__Source data__.

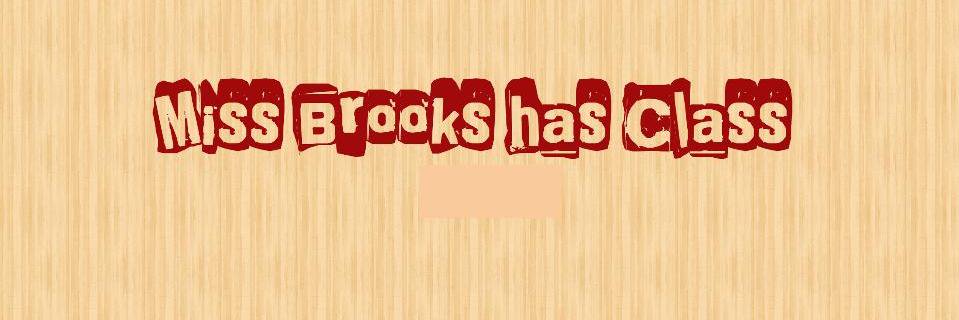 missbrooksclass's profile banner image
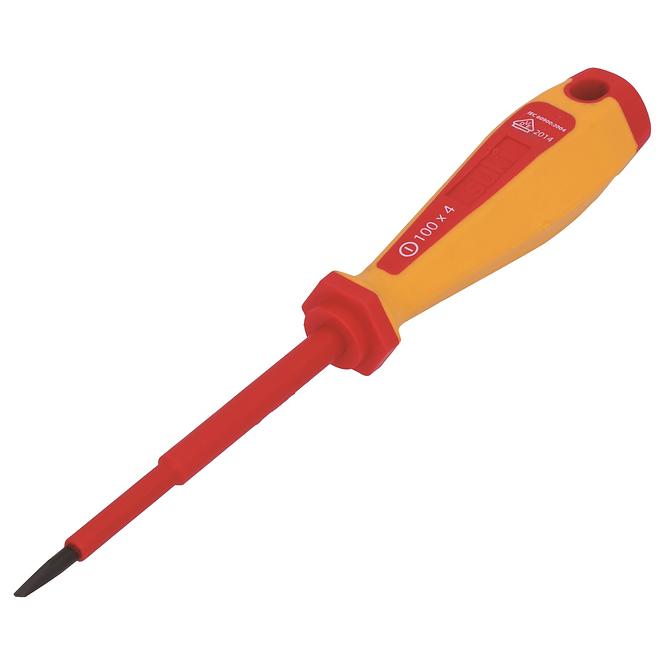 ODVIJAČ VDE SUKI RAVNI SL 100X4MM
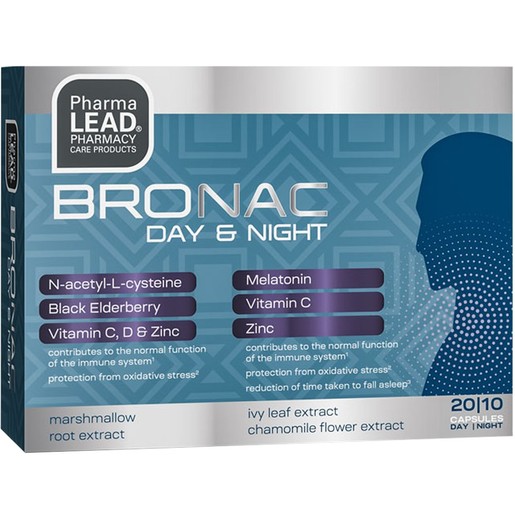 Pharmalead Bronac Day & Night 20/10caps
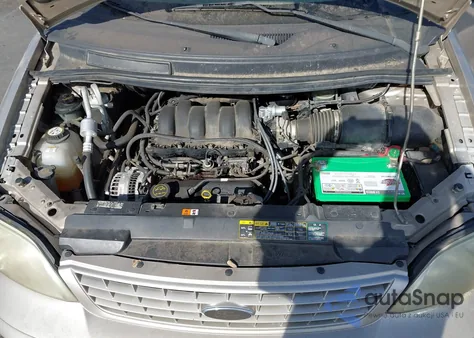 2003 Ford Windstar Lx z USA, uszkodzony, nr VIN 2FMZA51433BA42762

__Work to be completed__.
Copy out every line above without change, dropping the pictures.

__Your response__.
 missbrooksclass's profile banner image
 ODVIJAČ VDE SUKI RAVNI SL 100X4MM
 Pharmalead Bronac Day & Night 20/10caps
 2003 Ford Windstar Lx z USA, uszkodzony, nr VIN 2FMZA51433BA42762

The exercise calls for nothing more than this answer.